Silero VAD Pre-Trained Enterprise Voice Activity Detection
Silero VAD is a pre-trained enterprise-grade Voice Activity Detector that identifies speech segments in audio streams. It runs locally via PyTorch or ONNX Runtime with minimal resource requirements, making it ideal for real-time audio processing pipelines.
npx skills add agentskillexchange/skills --skill silero-vad-voice-activity-detection
Silero VAD is a pre-trained, enterprise-grade Voice Activity Detector developed by the Silero team. It detects speech segments in audio with high accuracy, running efficiently on CPU with minimal memory footprint. The model supports both PyTorch and ONNX Runtime backends, enabling deployment on embedded systems, mobile devices, and servers alike.
What this skill actually does
Core Capabilities
Silero VAD processes audio at 16kHz or 8kHz sampling rates and returns precise speech timestamps. It excels at distinguishing speech from background noise, music, and other non-speech audio. The detector runs in real-time with sub-millisecond latency per audio chunk, requiring only 1GB of RAM and a modern CPU with AVX instruction support.
How It Works
Install via pip install silero-vad and load the model with a single function call. Feed audio data in chunks and receive speech probability scores or timestamp ranges. The library provides utility functions for reading audio files, extracting speech segments, and saving results. Integration through torch.hub is also supported for zero-dependency setups.
Agent Integration
AI agents use Silero VAD as a preprocessing step in audio intelligence pipelines. Before running expensive transcription with Whisper or speaker diarization, VAD identifies which portions of audio contain speech, reducing processing time and cost. It is the default VAD used by WhisperX, faster-whisper, and many real-time transcription systems.
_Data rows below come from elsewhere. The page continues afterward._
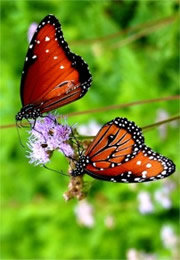 Danaus gilippus - Queen Butterflies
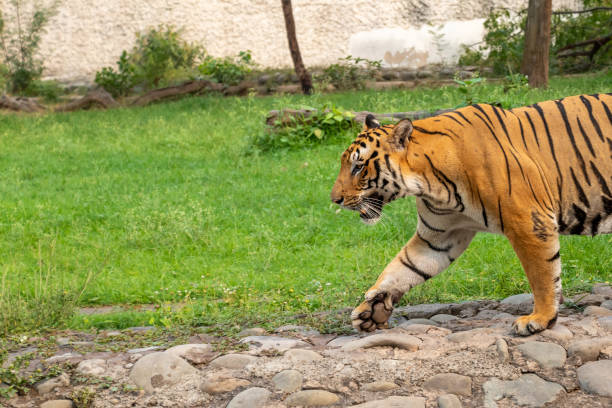 istock Bengal Tiger walking in Zoological Park 1160775212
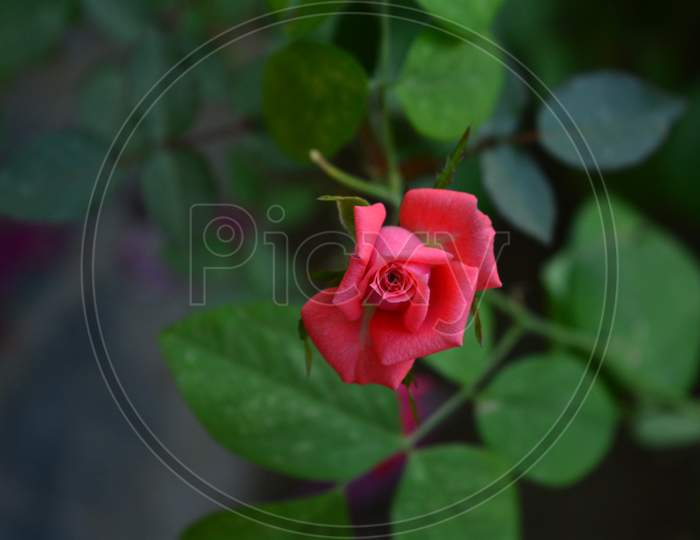Red rose with green background. Good for new year Post, valentine's day post, romantic post.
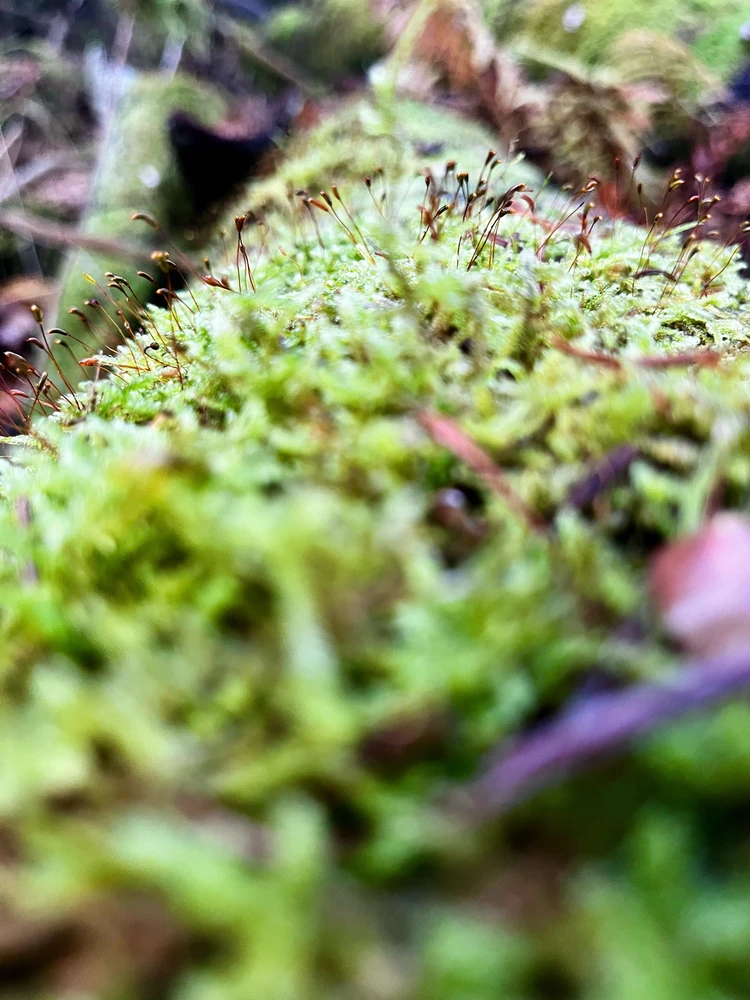 Obrázek nahrál Jess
The model runs entirely offline with no API calls required.
Key Features
- Enterprise-grade accuracy with sub-millisecond latency
- PyTorch and ONNX Runtime backends
- Supports 16kHz and 8kHz audio
- Real-time streaming and batch processing
- Minimal dependencies (torch or onnxruntime)
- MIT license, free for commercial use
- Used as default VAD in WhisperX and faster-whisper